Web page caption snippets

------------------------------------------------------------

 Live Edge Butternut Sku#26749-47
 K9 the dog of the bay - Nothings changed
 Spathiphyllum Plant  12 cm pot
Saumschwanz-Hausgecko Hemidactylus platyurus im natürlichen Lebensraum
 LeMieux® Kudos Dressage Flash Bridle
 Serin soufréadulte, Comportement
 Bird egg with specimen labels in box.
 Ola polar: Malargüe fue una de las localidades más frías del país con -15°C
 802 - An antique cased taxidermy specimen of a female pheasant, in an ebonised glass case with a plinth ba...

------------------------------------------------------------

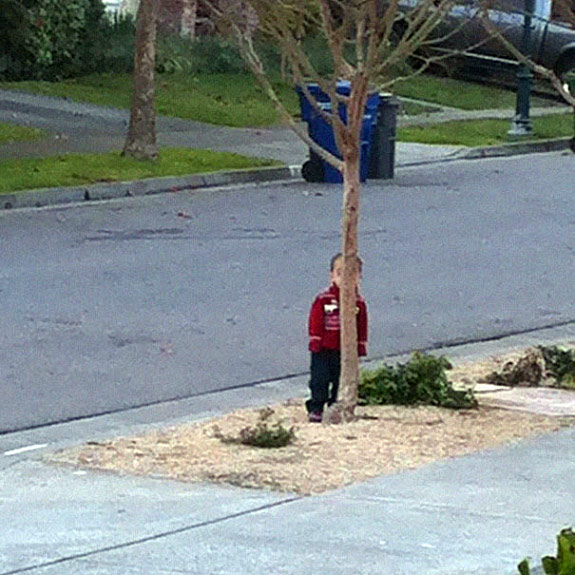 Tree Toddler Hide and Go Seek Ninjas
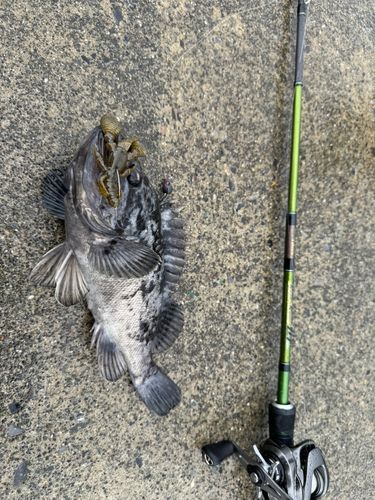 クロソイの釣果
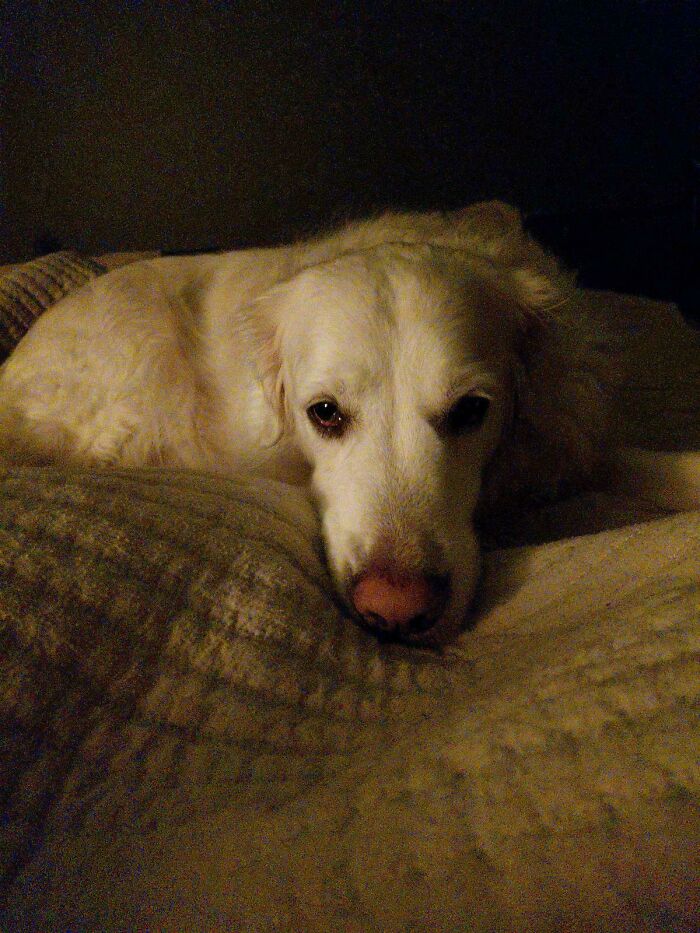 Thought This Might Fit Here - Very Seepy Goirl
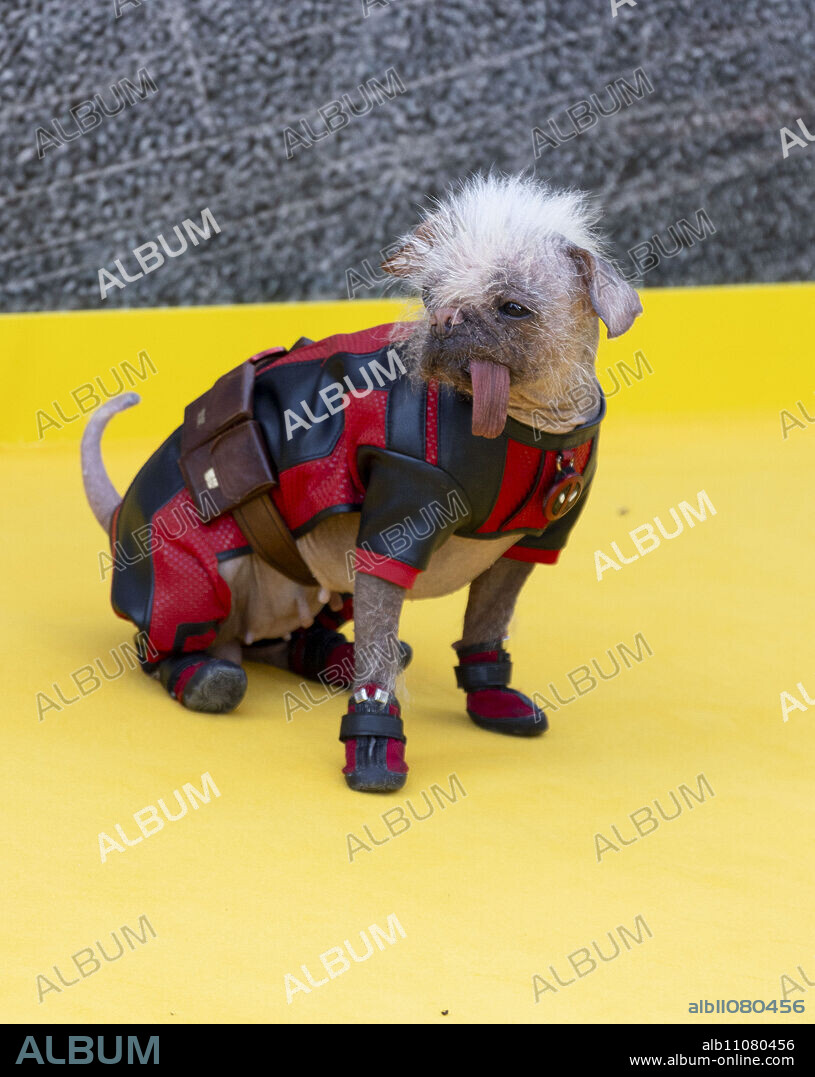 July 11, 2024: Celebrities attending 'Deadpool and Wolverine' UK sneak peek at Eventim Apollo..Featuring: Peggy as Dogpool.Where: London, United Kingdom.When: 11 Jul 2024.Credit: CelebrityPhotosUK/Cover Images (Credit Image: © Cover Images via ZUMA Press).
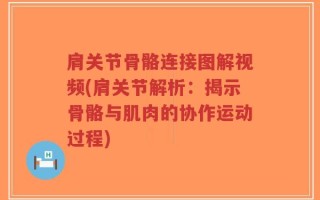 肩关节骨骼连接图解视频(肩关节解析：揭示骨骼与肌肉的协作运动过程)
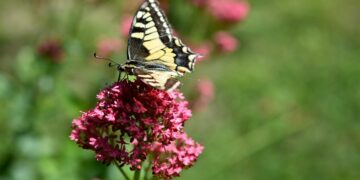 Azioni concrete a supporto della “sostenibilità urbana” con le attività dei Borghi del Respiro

------------------------------------------------------------

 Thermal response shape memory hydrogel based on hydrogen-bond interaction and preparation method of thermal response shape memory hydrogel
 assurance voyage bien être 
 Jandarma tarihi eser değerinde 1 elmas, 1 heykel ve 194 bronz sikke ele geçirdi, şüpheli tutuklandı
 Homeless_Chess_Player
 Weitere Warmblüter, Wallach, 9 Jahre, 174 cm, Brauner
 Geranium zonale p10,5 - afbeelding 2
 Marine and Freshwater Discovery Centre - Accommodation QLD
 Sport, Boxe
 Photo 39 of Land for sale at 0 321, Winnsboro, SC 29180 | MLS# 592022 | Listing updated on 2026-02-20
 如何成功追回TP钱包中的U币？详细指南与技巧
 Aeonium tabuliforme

------------------------------------------------------------

§ Problem: Show, from the records above, every line that includes "with".

§ Final answer:
 Bird egg with specimen labels in box.
 802 - An antique cased taxidermy specimen of a female pheasant, in an ebonised glass case with a plinth ba...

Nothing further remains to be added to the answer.